**WHAT THE TASK ASKS**
Only the lines of the listing below that run from the line with "Florius Flower And Plants" through the line with "roamingfox | Alma tweet media" are to be set down, word for word. Pictures stay out.

**AVAILABLE DATA**
..........

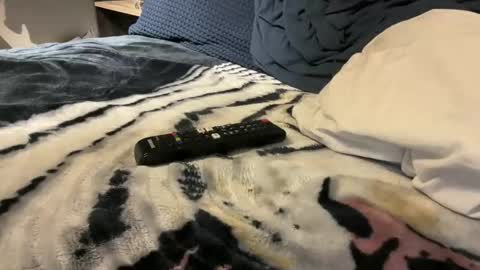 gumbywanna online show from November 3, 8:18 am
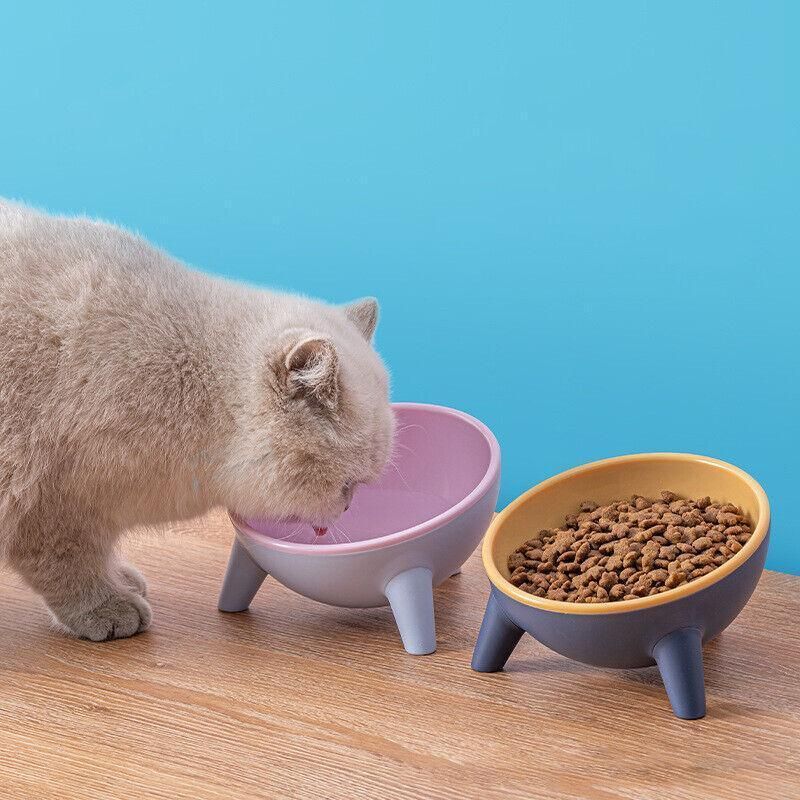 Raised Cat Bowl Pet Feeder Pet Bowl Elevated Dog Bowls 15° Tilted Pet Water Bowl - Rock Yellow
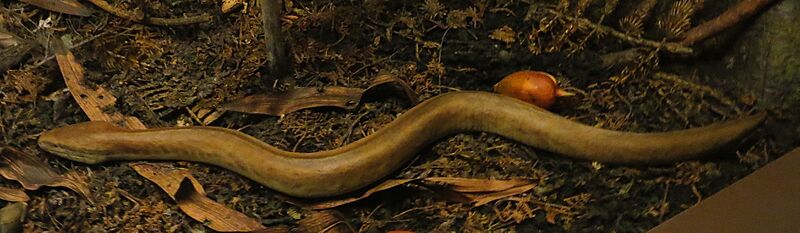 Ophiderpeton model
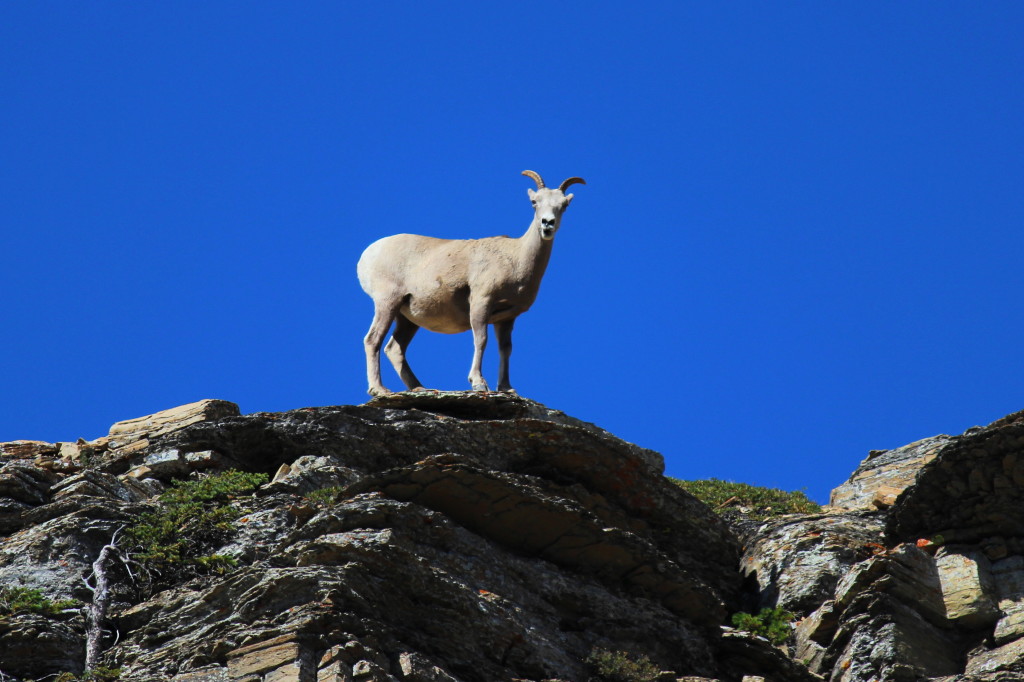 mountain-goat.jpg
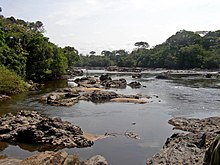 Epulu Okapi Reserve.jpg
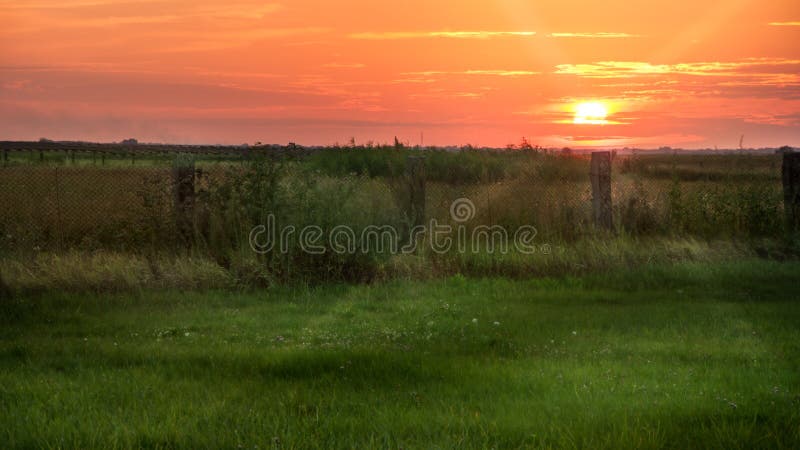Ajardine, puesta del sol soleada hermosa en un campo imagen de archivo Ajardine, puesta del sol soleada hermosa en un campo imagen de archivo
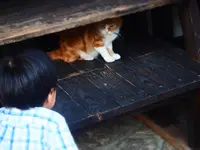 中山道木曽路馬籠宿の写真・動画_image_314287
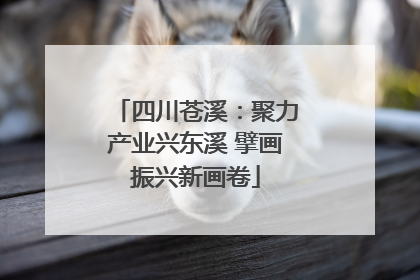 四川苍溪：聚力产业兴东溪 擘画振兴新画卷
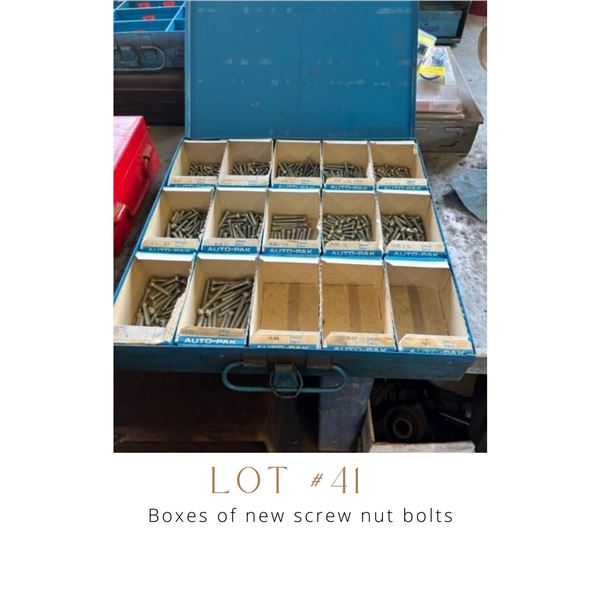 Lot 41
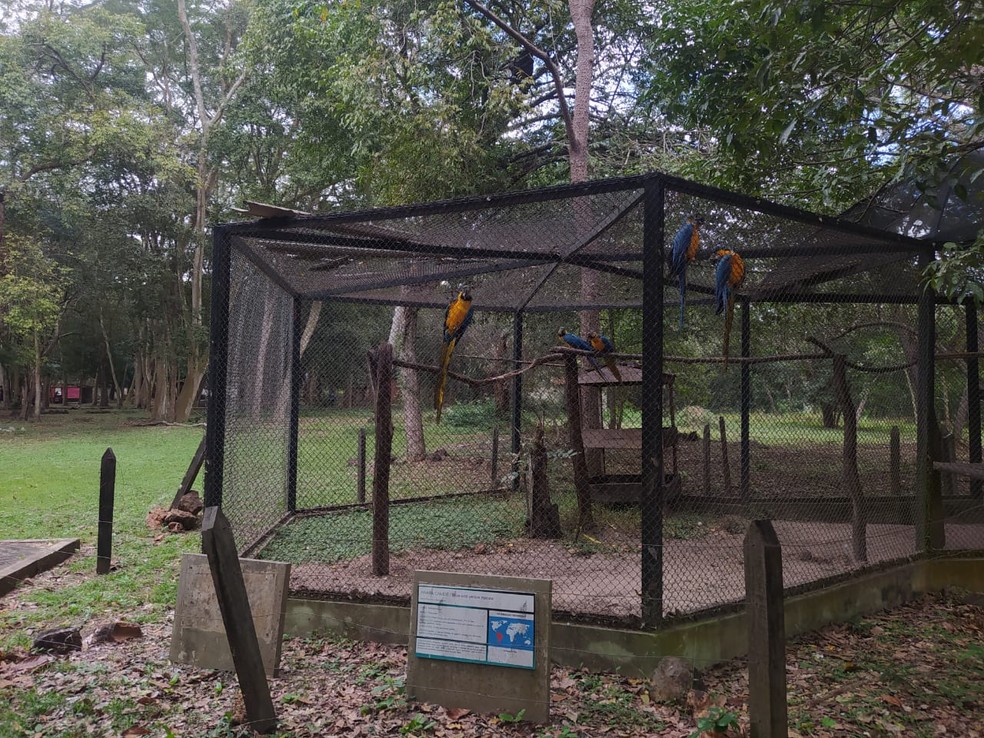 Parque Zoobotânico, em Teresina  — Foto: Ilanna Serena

..........

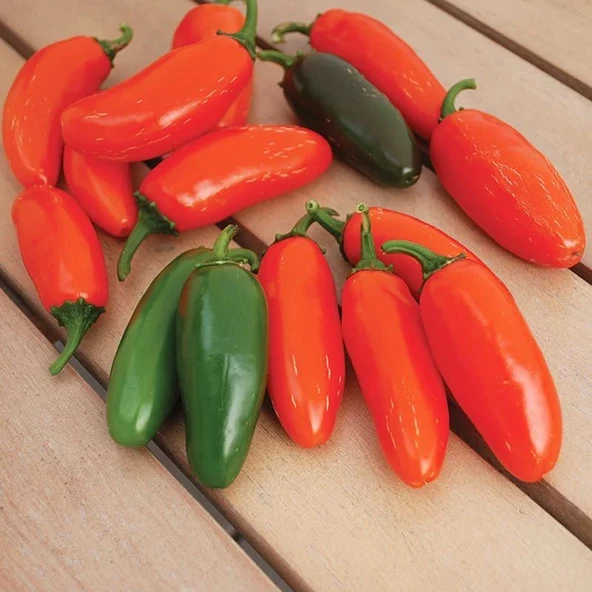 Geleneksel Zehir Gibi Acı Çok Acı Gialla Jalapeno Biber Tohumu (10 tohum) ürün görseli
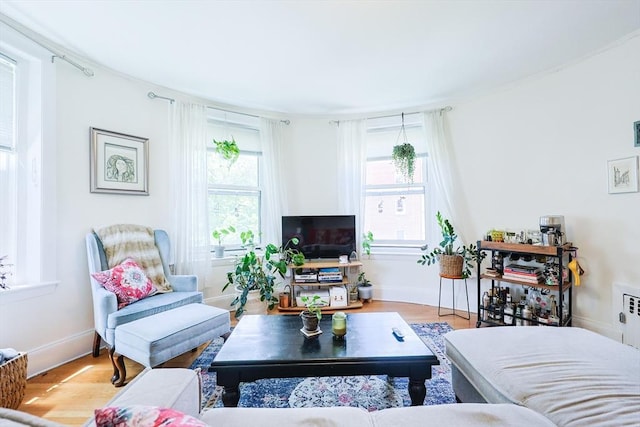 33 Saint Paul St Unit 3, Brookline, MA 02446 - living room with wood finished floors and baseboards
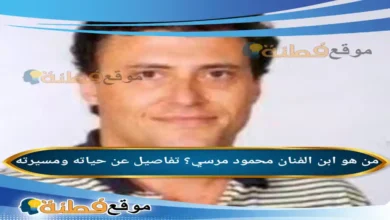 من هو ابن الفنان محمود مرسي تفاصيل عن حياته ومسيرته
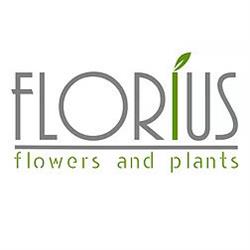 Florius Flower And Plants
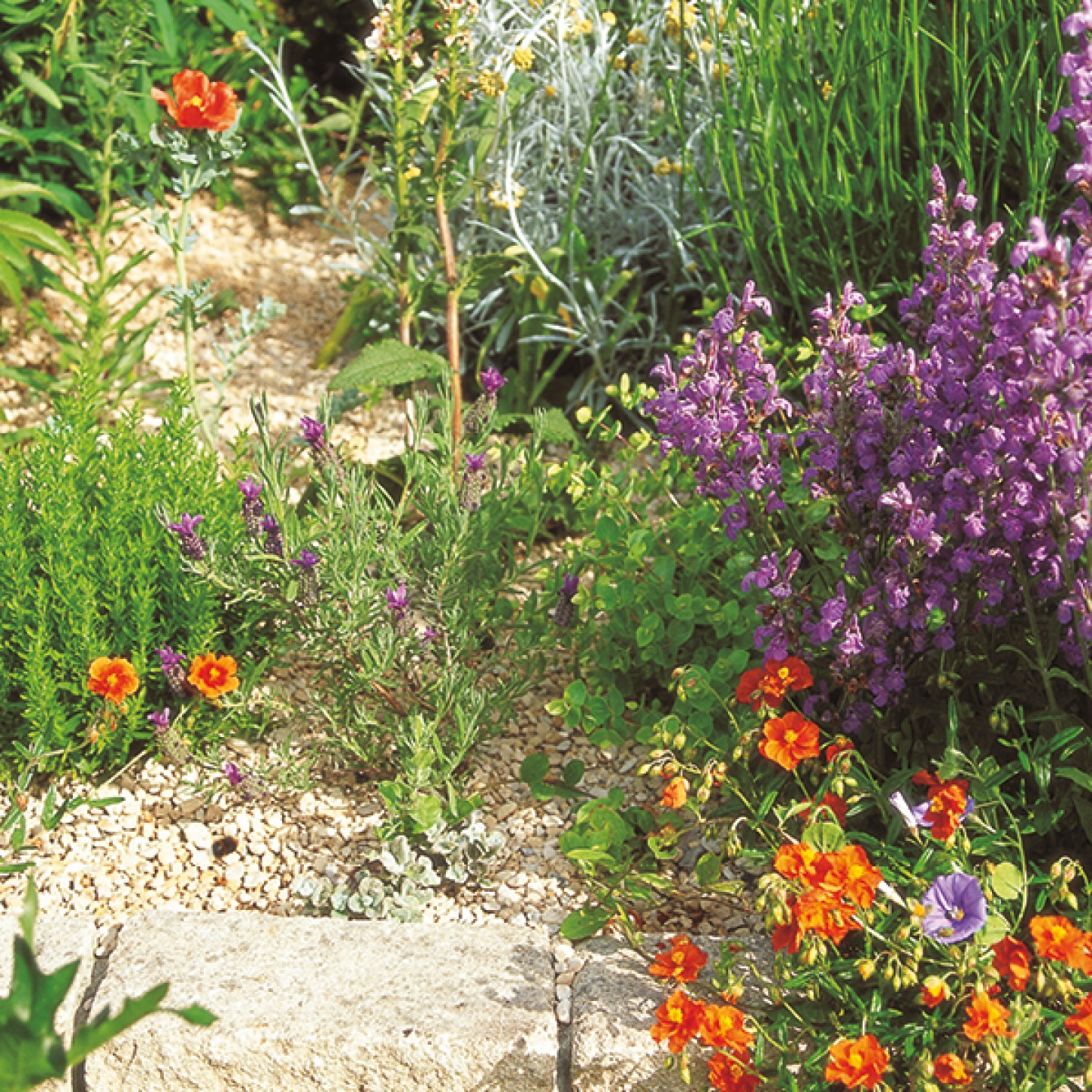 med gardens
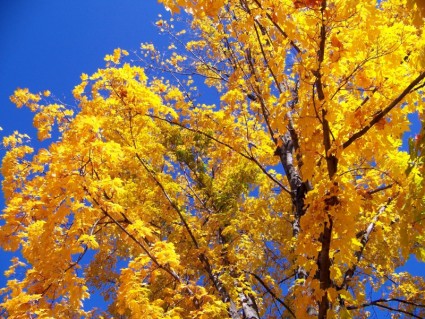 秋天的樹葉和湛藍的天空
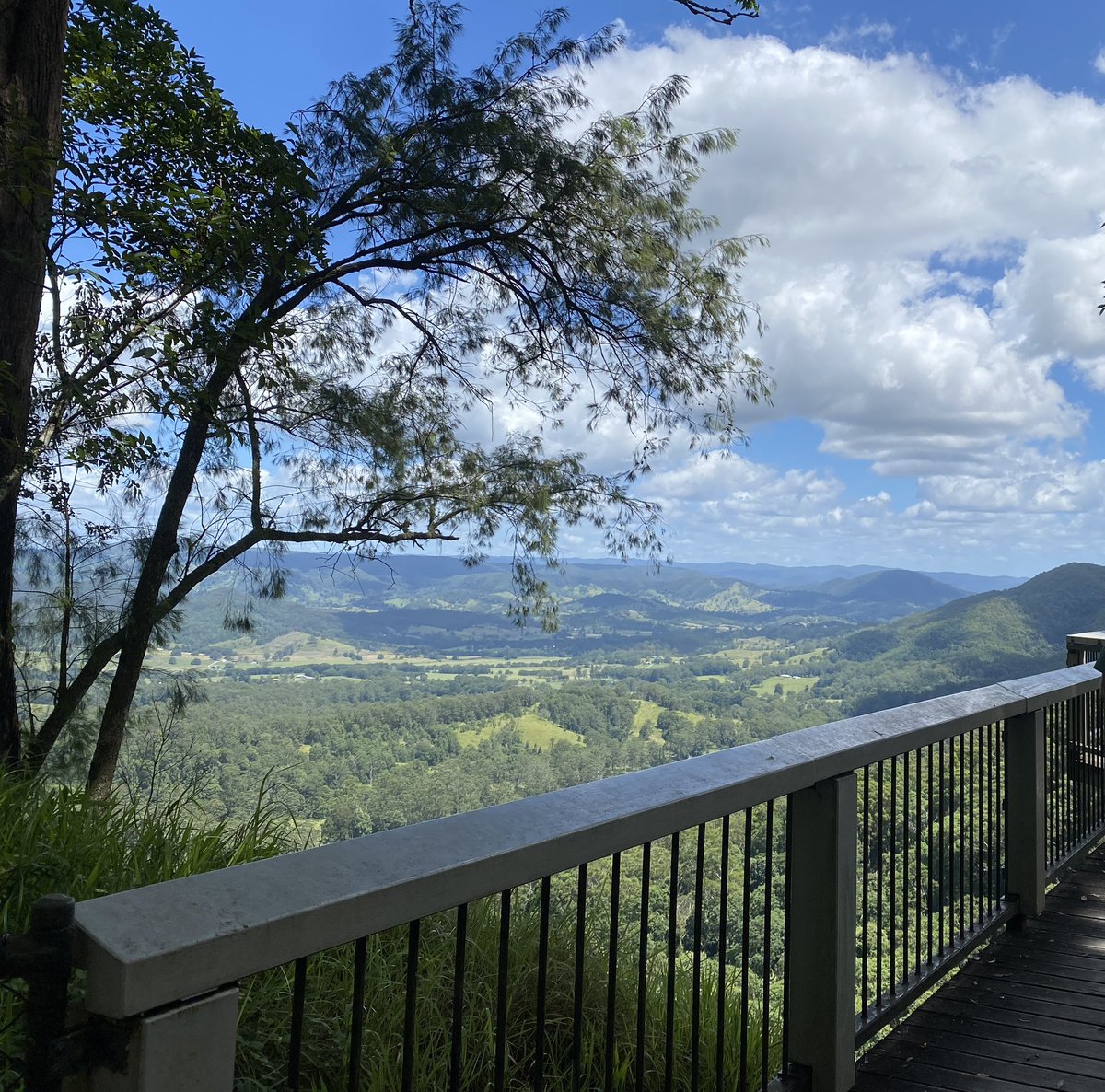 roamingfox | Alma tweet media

..........

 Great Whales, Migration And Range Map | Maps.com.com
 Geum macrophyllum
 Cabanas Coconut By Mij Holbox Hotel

..........

**EXERCISE SOLUTION**
 Florius Flower And Plants
 med gardens
 秋天的樹葉和湛藍的天空
 roamingfox | Alma tweet media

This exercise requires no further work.